Federal Government Contractors, IT Services, software developers, and technology companies may be required by a vendor or customer by contract to provide some cyber insurance. Signing confidentially agreements, master service agreements, or any contract with insurance implications may go smoother if cyber insurance is in place. It shows the other party you are serious when it comes to protecting their data.
6. Your data breach response plan is simplified
Cyber insurance policies bestow all the cyber incident specialists to the policy holder. In other words, if a breach happens, you submit a claim and let your cyber insurance company do the leg work of coordinating responses from a breach coach, an IT forensics firm, a PR agency, notification services providers, call centers, and legal counsel.
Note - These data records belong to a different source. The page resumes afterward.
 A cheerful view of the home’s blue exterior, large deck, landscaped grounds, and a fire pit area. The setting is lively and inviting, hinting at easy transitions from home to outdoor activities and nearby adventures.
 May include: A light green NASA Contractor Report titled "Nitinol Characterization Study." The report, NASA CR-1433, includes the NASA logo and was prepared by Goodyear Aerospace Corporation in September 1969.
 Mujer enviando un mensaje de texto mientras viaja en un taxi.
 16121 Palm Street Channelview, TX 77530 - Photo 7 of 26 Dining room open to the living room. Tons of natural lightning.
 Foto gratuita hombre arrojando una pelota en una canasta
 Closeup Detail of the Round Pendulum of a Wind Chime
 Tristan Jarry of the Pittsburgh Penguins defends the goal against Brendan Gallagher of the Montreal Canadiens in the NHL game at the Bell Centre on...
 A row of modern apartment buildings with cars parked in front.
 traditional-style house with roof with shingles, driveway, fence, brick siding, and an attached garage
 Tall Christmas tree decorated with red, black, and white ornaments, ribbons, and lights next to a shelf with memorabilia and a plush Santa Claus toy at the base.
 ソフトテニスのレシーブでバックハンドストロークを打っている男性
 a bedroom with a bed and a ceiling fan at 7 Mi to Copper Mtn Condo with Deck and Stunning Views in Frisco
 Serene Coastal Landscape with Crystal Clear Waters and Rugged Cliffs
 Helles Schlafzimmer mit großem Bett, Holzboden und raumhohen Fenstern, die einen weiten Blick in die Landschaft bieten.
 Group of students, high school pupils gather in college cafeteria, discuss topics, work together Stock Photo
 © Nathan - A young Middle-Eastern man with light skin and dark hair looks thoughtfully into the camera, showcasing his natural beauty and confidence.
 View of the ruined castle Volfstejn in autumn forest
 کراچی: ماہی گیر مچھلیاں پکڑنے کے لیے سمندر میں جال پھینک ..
Many cyber insurance companies also give additional “pre-breach” services to policy holders like Online Security Awareness Training & education, 24/7 cyber hotlines, response readiness assessments and pre-breach white-hat hacking services.
7. Accidents Happen.
Many studies show the majority of breaches are a result of human error. Cyber insurance can help pay the breach costs from an accident like a financial controller forgetting to password protect a spreadsheet or a salesperson forgetting their company laptop in an Uber. The infamous Equifax data breach that exposed records of about half the population of the entire U.S. was reportedly due to the mistake of Equifax employees not properly patching software, i.e. human error.